[Available data Boundary: Start]

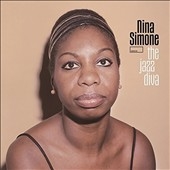 Nina Simone/Nina Simone: The Jazz Diva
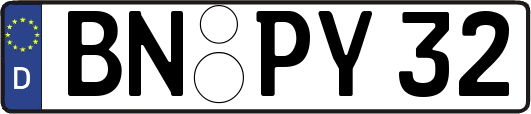BN-PY32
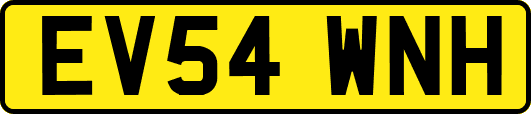EV54WNH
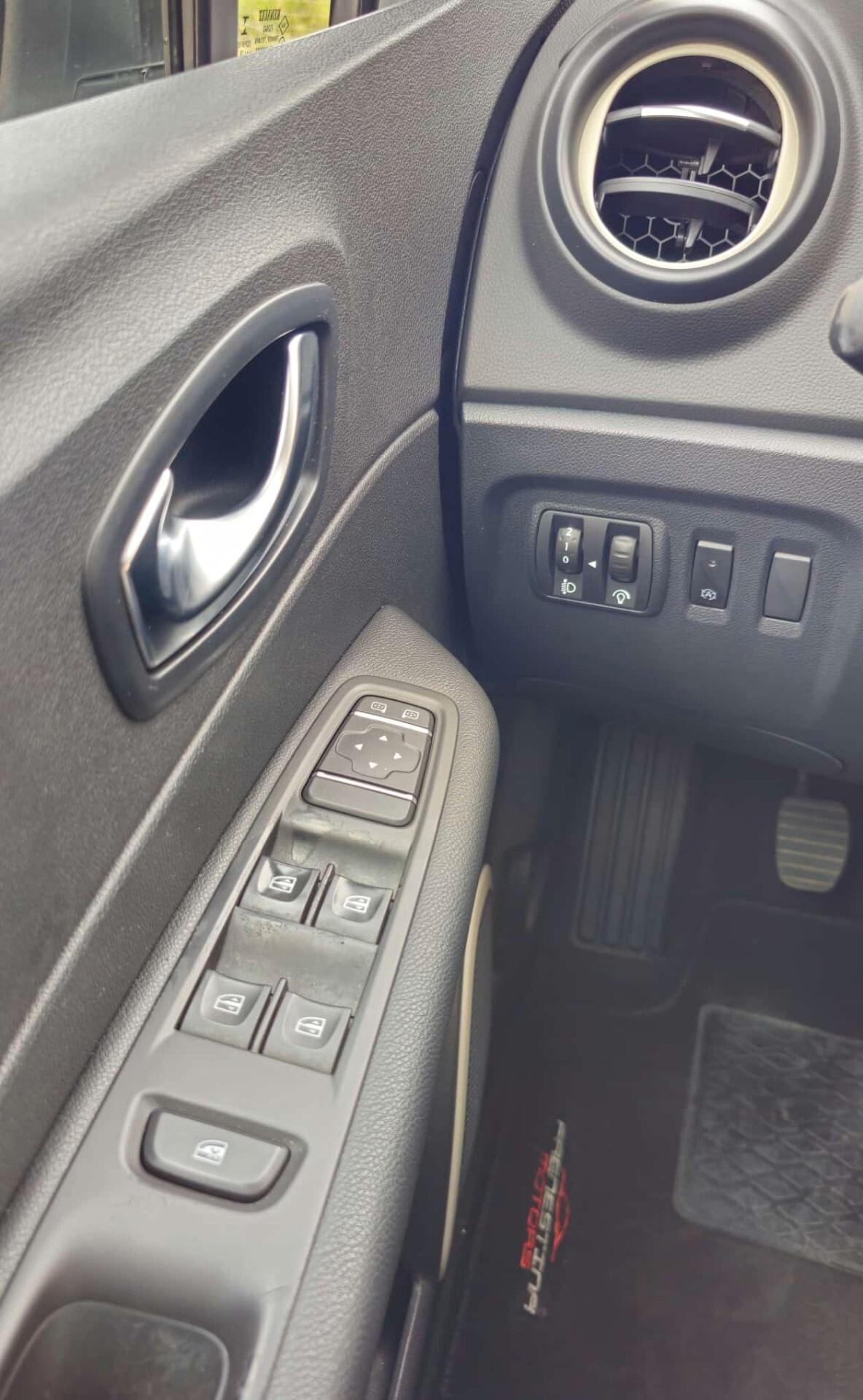 Renault Captur dCi 8V 90 CV Start&Stop Energy Zen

[Available data Boundary: End]

What is needed:
Copy everything in the listing above exactly except the pictures.

Task result:
 Nina Simone/Nina Simone: The Jazz Diva
BN-PY32
EV54WNH
 Renault Captur dCi 8V 90 CV Start&Stop Energy Zen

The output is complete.